**WHAT TO DO:**
The lines to extract run from the start of the records through the line with "配资陪数 赣锋锂业：公司已形成固态电池全链路布局", both ends included; drop the pictures.

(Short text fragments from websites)

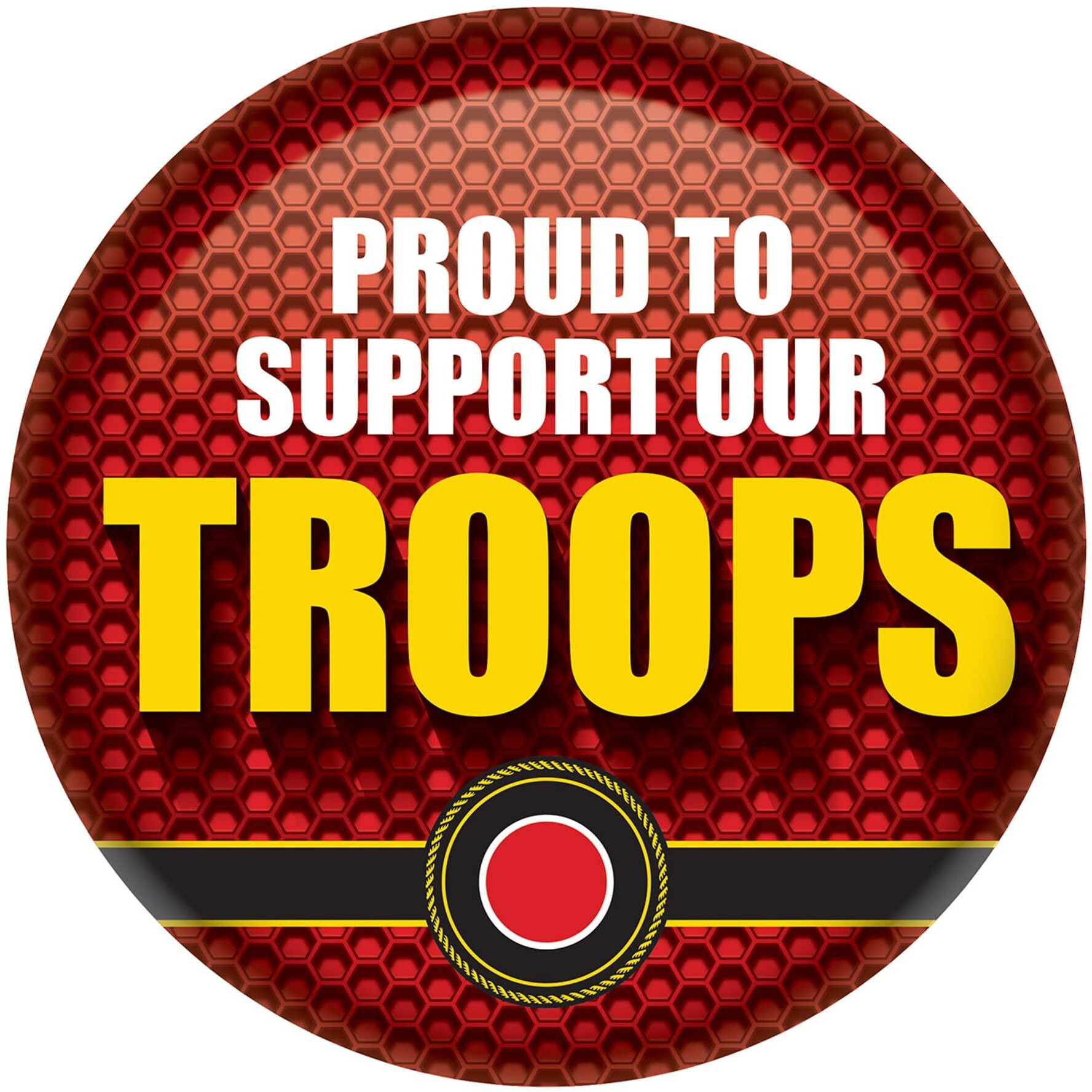 The'Proud to Support Our Troops Button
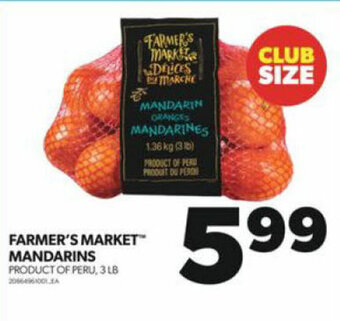 Real Canadian Superstore FARMER'S MARKET MANDARINS offer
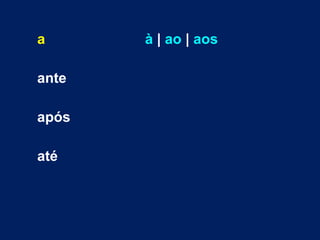 a à | ao | aos
ante
após
até
 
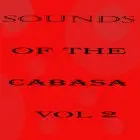 Sounds of the cabasa vol 2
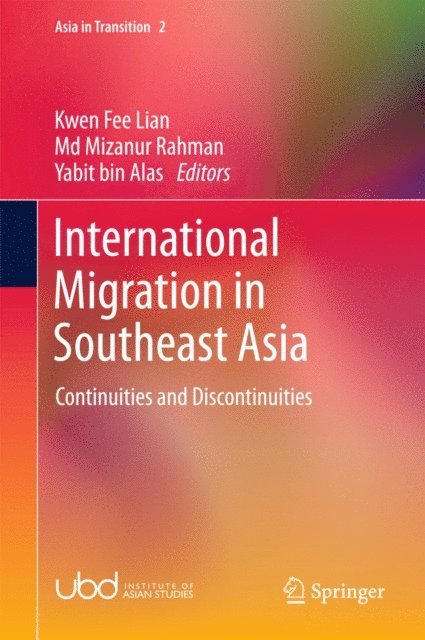 Yabit bin Alas, Md Mizanur Rahman, Kwen Fee Lian - International Migration in Southeast Asia, E-bok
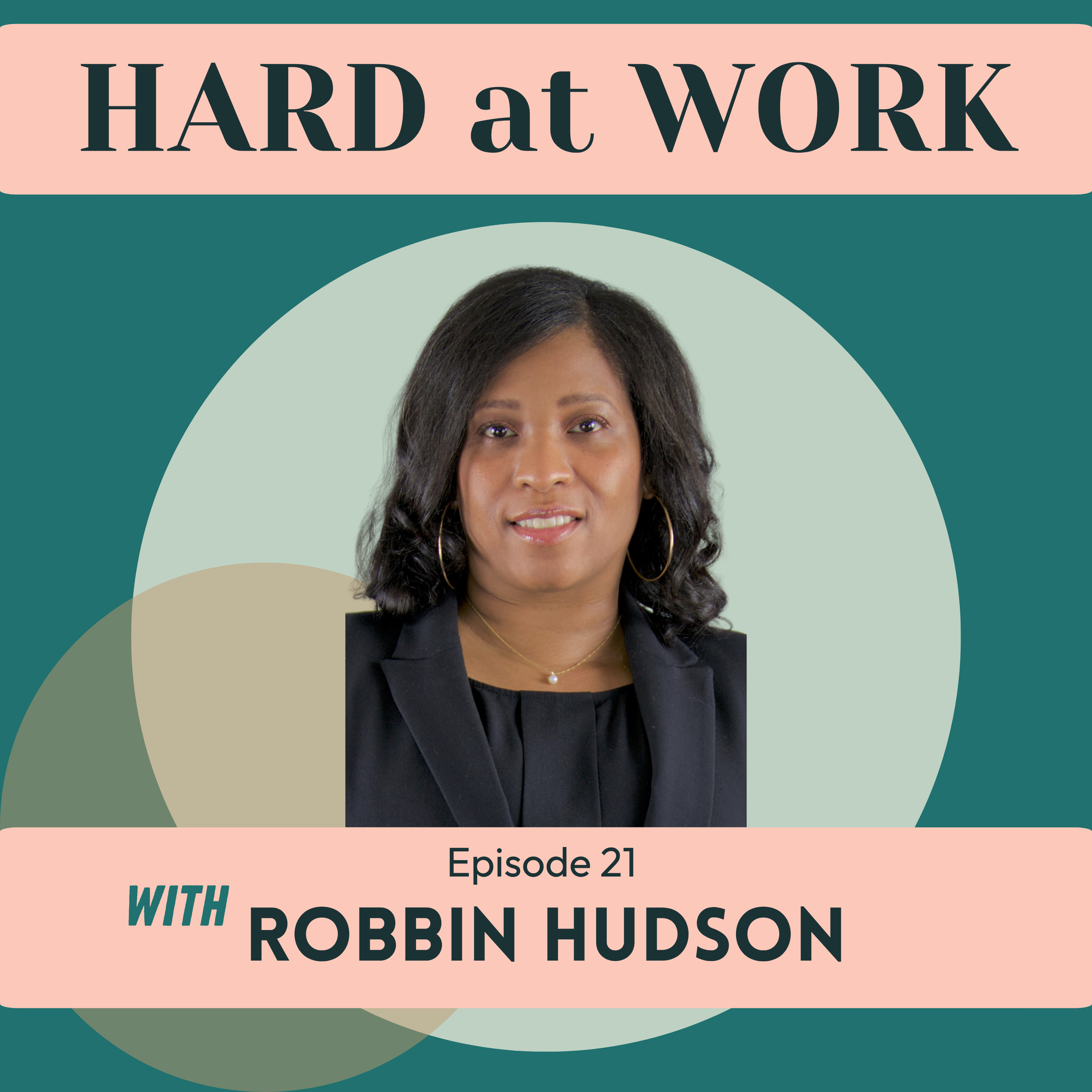 Episode 21: Leading Humans First: A Conversation with Robbin Hudson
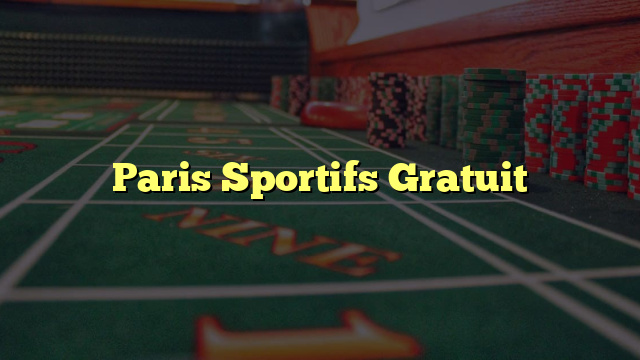 Paris Sportifs Gratuit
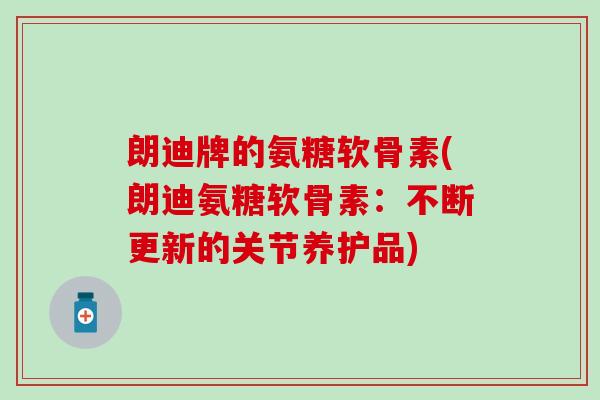 朗迪牌的氨糖软骨素(朗迪氨糖软骨素:不断更新的关节养护品)-第1张图片-氨糖科普网 朗迪牌的氨糖软骨素(朗迪氨糖软骨素:不断更新的关节养护品)-第1张图片-氨糖科普网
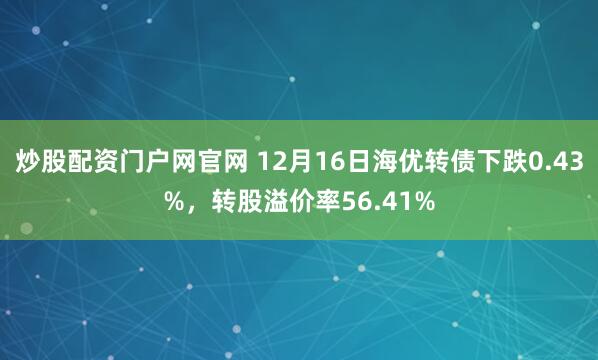 炒股配资门户网官网 12月16日海优转债下跌0.43%，转股溢价率56.41%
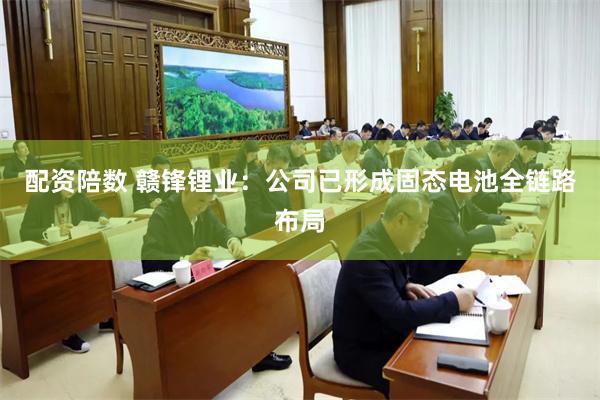 配资陪数 赣锋锂业：公司已形成固态电池全链路布局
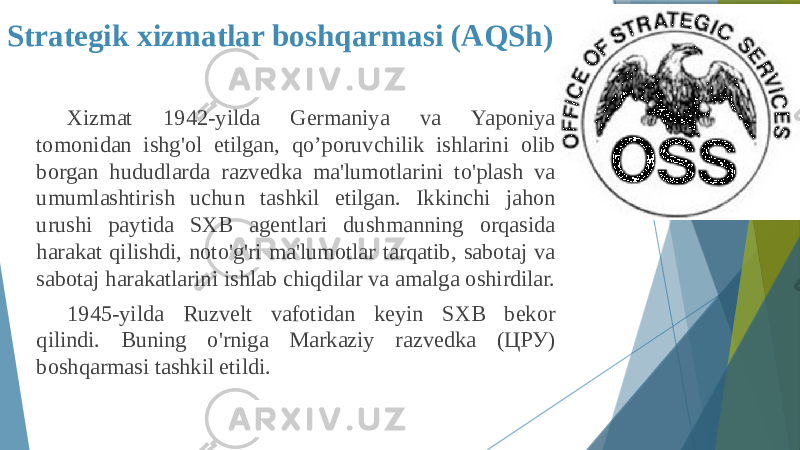 Strategik xizmatlar boshqarmasi (AQSh) Xizmat 1942-yilda Germaniya va Yaponiya tomonidan ishg&#39;ol etilgan, qo’poruvchilik ishlarini olib borgan hududlarda razvedka ma&#39;lumotlarini to&#39;plash va umumlashtirish uchun tashkil etilgan. Ikkinchi jahon urushi paytida SXB agentlari dushmanning orqasida harakat qilishdi, noto&#39;g&#39;ri ma&#39;lumotlar tarqatib, sabotaj va sabotaj harakatlarini ishlab chiqdilar va amalga oshirdilar. 1945-yilda Ruzvelt vafotidan keyin SXB bekor qilindi. Buning o&#39;rniga Markaziy razvedka (ЦРУ) boshqarmasi tashkil etildi. 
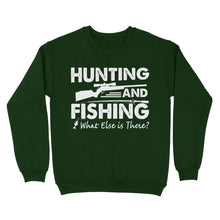 Load image into Gallery viewer, Funny "Hunting and Fishing What Else is There" Standard Sweatshirt FSD2608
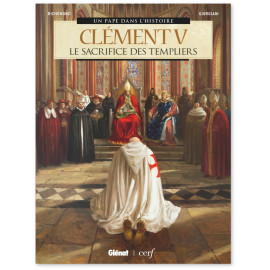 Bernard Lecomte - Clément V - Le sacrifice des templiers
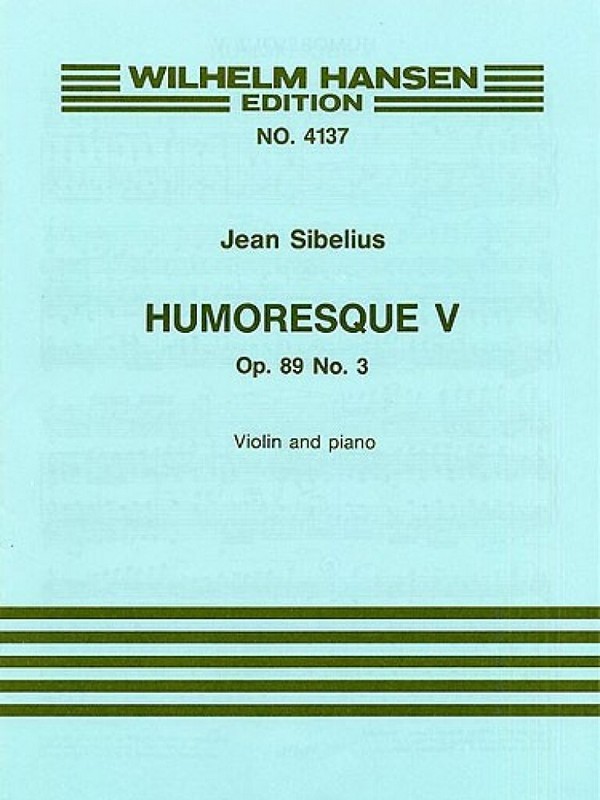 Humoreske Nr.5 op.89,3&nbsp;&nbsp;für Violine und Klavier&nbsp;&nbsp;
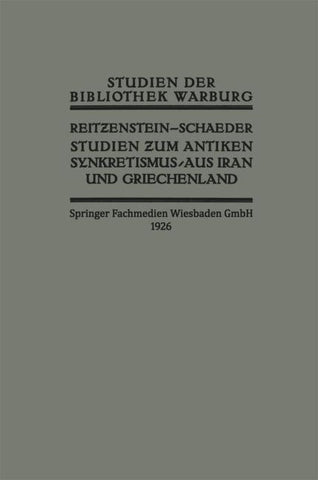 Studien zum Antiken Synkretismus aus Iran und Griechenland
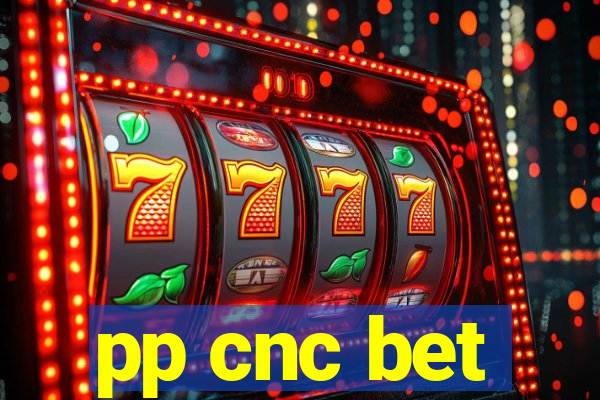 pp cnc bet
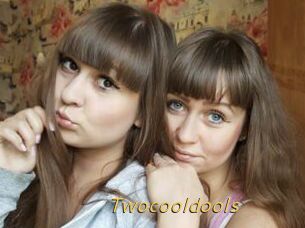 Twocooldools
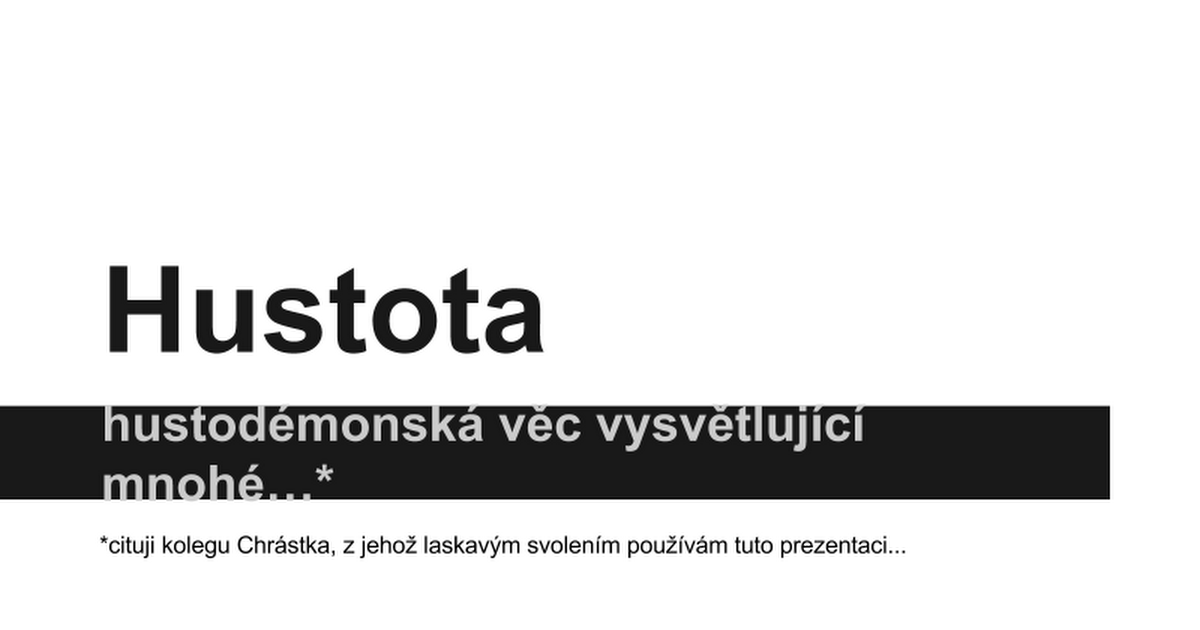 06_Fyzika_6_Hustota - Prezentace Google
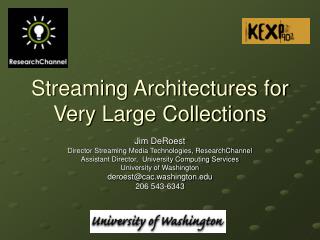 Streaming Architectures for Very Large Collections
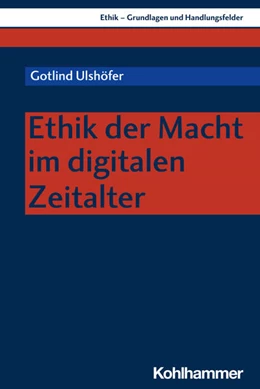 Abbildung von Ulshöfer | Ethik der Macht im digitalen Zeitalter | 1. Auflage | 2025 | beck-shop.de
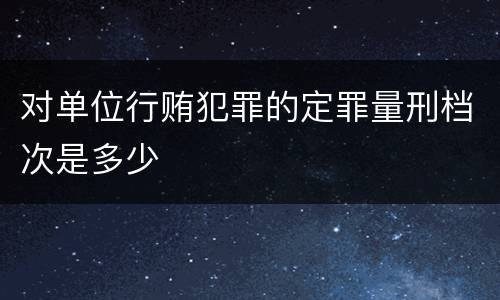 对单位行贿犯罪的定罪量刑档次是多少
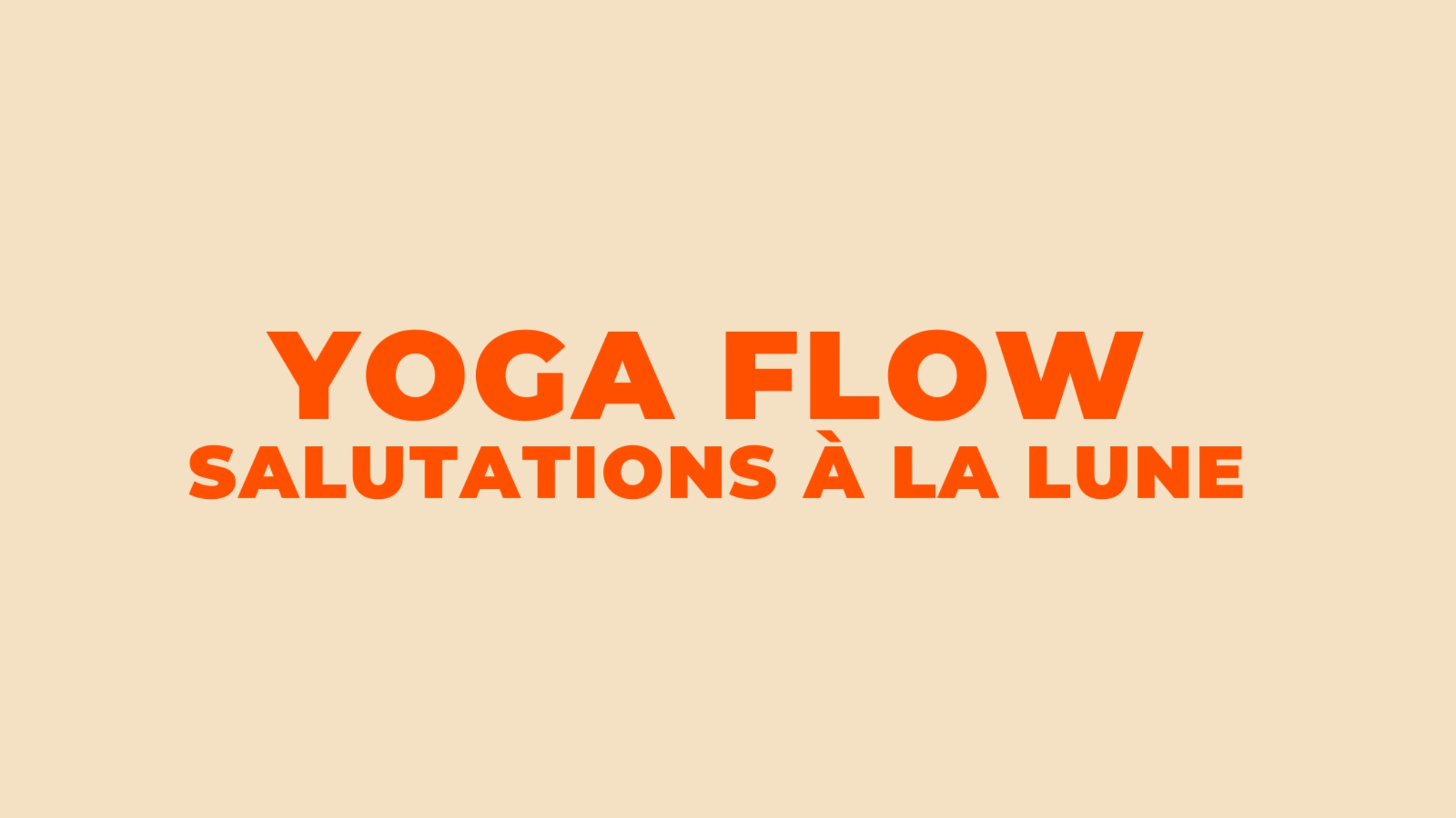 Yoga Flow - Salutations à la lune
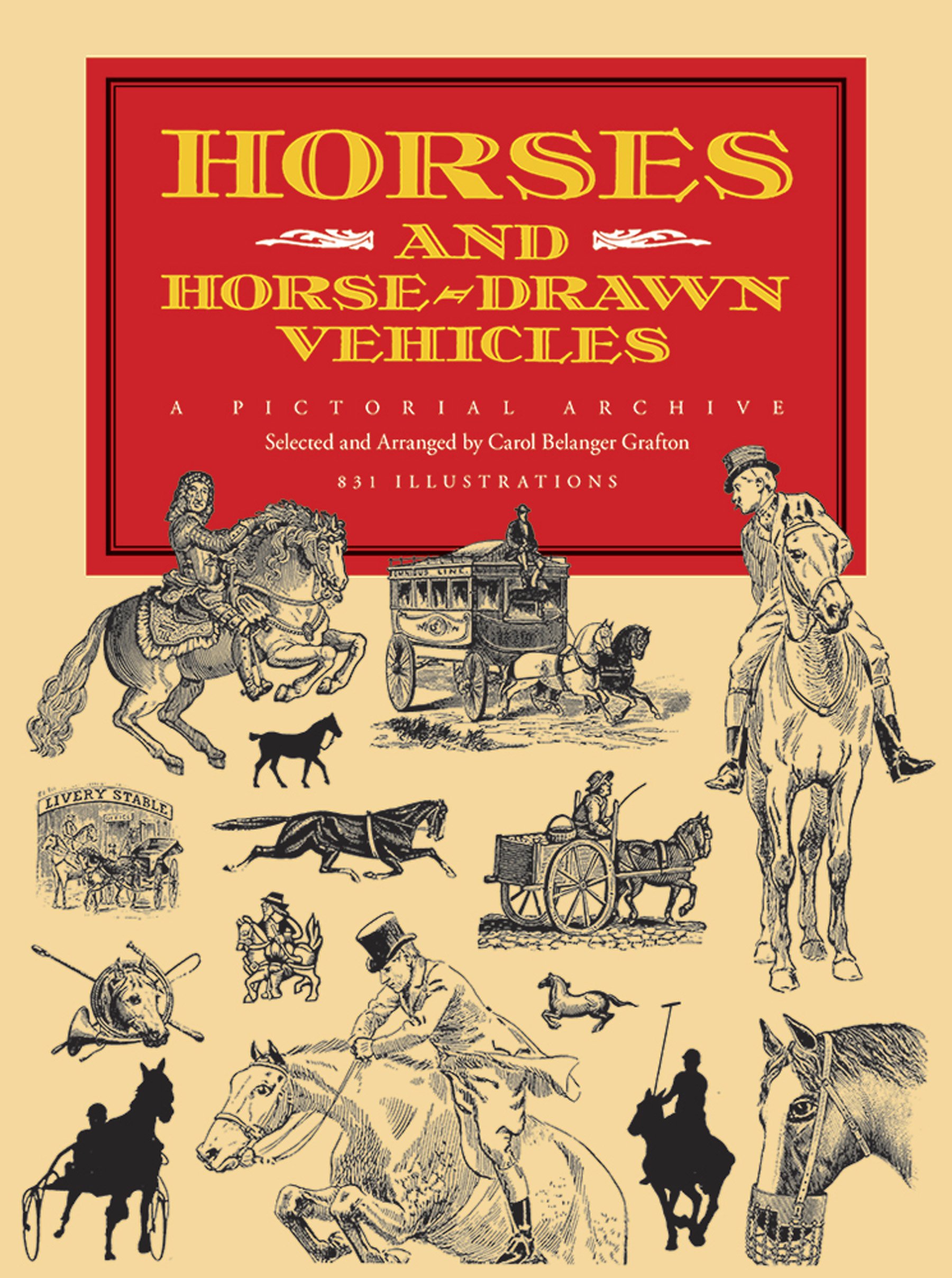Horses And Horse Drawn Vehicles A Pictorial Archive Dover Pictorial Archive Grafton Carol Belanger 0800759279234 Amazon Com Books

**SOLUTION FOR THIS TASK:**
 The'Proud to Support Our Troops Button
 Real Canadian Superstore FARMER'S MARKET MANDARINS offer
 a à | ao | aos
ante
após
até
 
 Sounds of the cabasa vol 2
 Yabit bin Alas, Md Mizanur Rahman, Kwen Fee Lian - International Migration in Southeast Asia, E-bok
 Episode 21: Leading Humans First: A Conversation with Robbin Hudson
 Paris Sportifs Gratuit
 朗迪牌的氨糖软骨素(朗迪氨糖软骨素:不断更新的关节养护品)-第1张图片-氨糖科普网 朗迪牌的氨糖软骨素(朗迪氨糖软骨素:不断更新的关节养护品)-第1张图片-氨糖科普网
 炒股配资门户网官网 12月16日海优转债下跌0.43%，转股溢价率56.41%
 配资陪数 赣锋锂业：公司已形成固态电池全链路布局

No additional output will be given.